Elucidating the Design Space of FP4 training (2509.17791v1)

Published 22 Sep 2025 in cs.LG

Abstract: The increasing computational demands of foundation models have spurred research into low-precision training, with 4-bit floating-point (\texttt{FP4}) formats emerging as a frontier for maximizing hardware throughput. While numerous techniques have been proposed to stabilize \texttt{FP4} training, they often present isolated solutions with varying, and not always clear, computational overheads. This paper aims to provide a unified view of the design space of \texttt{FP4} training. We introduce a comprehensive, quantisation gradient-based framework for microscaling quantization that allows for a theoretical analysis of the computational costs associated with different stabilization methods on both the forward and backward passes. Using a simulator built on this framework, we conduct an extensive empirical study across a wide range of machine learning tasks, including regression, image classification, diffusion models, and LLMs. By systematically evaluating thousands of combinations of techniques, such as novel gradient approximations, rounding strategies, and scaling methods, we identify which configurations offer the most favourable performance-to-overhead trade-off. We find that the techniques enabling the best trade-off involve carefully combining Hadamard transformations, tensor scaling and stochastic rounding. We further find that using \texttt{UE5M3} as a scaling factor potentially offers a good compromise between range and precision with manageable computational overhead.

Summary

The paper introduces a unified gradient-based framework for FP4 training, quantifying stabilization and quantization techniques.
It evaluates approaches like tensor scaling, stochastic rounding, and Hadamard transformations across varied ML tasks to optimize training performance.
Findings emphasize gradient stability and optimal scale representation as key to balancing computational cost and model accuracy.

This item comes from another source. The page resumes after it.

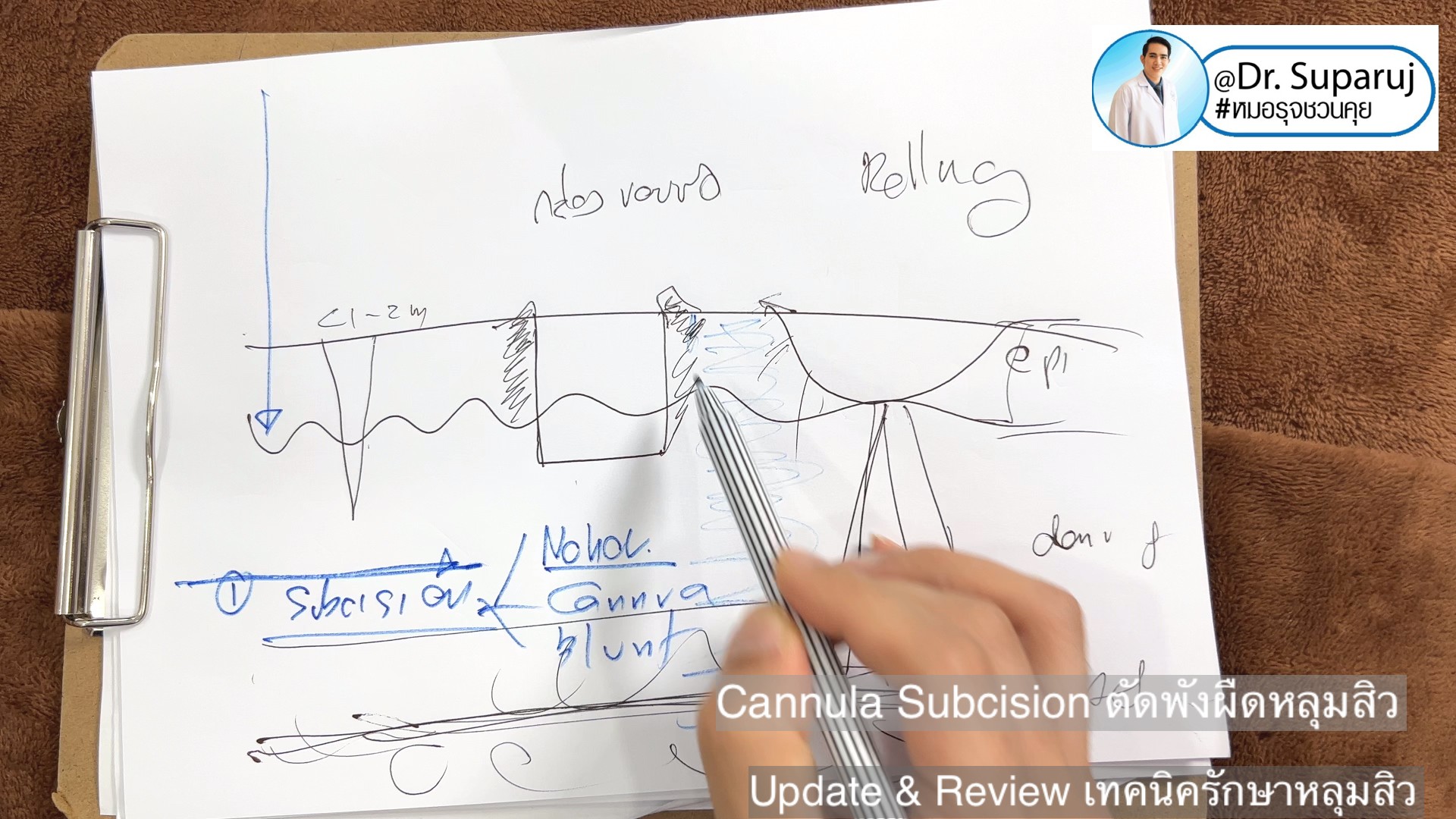 Update & Review เทคนิครักษาหลุมสิว (Acne Scar Treatment: Update & Review) Update & Review เทคนิครักษาหลุมสิว (Acne Scar Treatment: Update & Review)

Summary of "Elucidating the Design Space of FP4 Training"

Introduction

The paper "Elucidating the Design Space of FP4 training" (2509.17791) addresses the increasing computational demands in training large foundation models, targeting the frontier of 4-bit floating-point (FP4) formats to improve hardware throughput. The authors introduce a unified framework to paper the design space of FP4 training, providing a theoretical analysis on computational costs associated with stabilization techniques used in both forward and backward passes. An extensive empirical paper is conducted across diverse machine learning tasks, focusing on configurations that offer the best performance-to-overhead trade-off. Importantly, techniques combining Hadamard transformations, tensor scaling, and stochastic rounding are identified as promising.

Framework for FP4 Training

The paper proposes a gradient-based framework for microscale quantization, illustrating the mathematical nuances of tensor scaling and quantization. This framework enables a deeper analysis of FP4’s computational costs on training procedures. Specifically, the authors define micro-scaled blocks and explore how different scalar functions and quantization approaches affect model training stability.

Figure 1: Approximation function $Q_{\text{approx}$.

The framework addresses key choices in calculating gradients, approximating quantization derivatives, and selecting tensor scaling strategies. They highlight the importance of handling zero-valued scales, suggesting alternatives to mitigate quantization errors effectively.

Techniques Evaluated

A broad array of techniques is evaluated for FP4 training:

Tensor Scaling: The authors propose tensor-wide normalization before block-wise quantization to refine scale precision.
Rounding Strategies: Various strategies are explored, including round-to-nearest and stochastic rounding, to enhance stability.
Gradient Approximations: Differentiable relaxations like linear spline approximation and other approximations are introduced to manage non-differentiability in quantization functions.

Figure 2: Quantization functions $s_q = q(s)$ .

The paper further evaluates optimizer-centric adjustments like StableSPAM, which modifies momentum in the Adam optimizer for better stability in low precision contexts, and loss scaling strategies to propagate signals effectively in limited precision formats.

Experiments and Results

Detailed experimental setups involve regression, image classification, diffusion models, and language modeling, with emphasis on balancing performance against computational overhead. The authors demonstrate that only select techniques like Hadamard transformations and tensor scaling consistently deliver value, as illustrated in Pareto-frontier analyses.

Figure 3: Pareto-frontier plots for each dataset, Omega(c) on the x-axis and S(c) on the y-axis.

Three guiding principles emerge from the analysis: the significance of gradient stability over unbiased gradients, the centrality of scale representation as a bottleneck, and the sparsity of worthwhile performance-overhead configurations.

Conclusion

The paper "Elucidating the Design Space of FP4 training" provides critical insights into FP4 training dynamics, emphasizing a systematic approach to evaluating stabilization methods. It suggests the need for implementing fusable operations such as Hadamard transformation and focusing on scale representation for optimal FP4 training. Additional research directions involve examining hardware support for FP4 and exploring alternative scale formats like UE5M3 with potential for improved range and precision balance.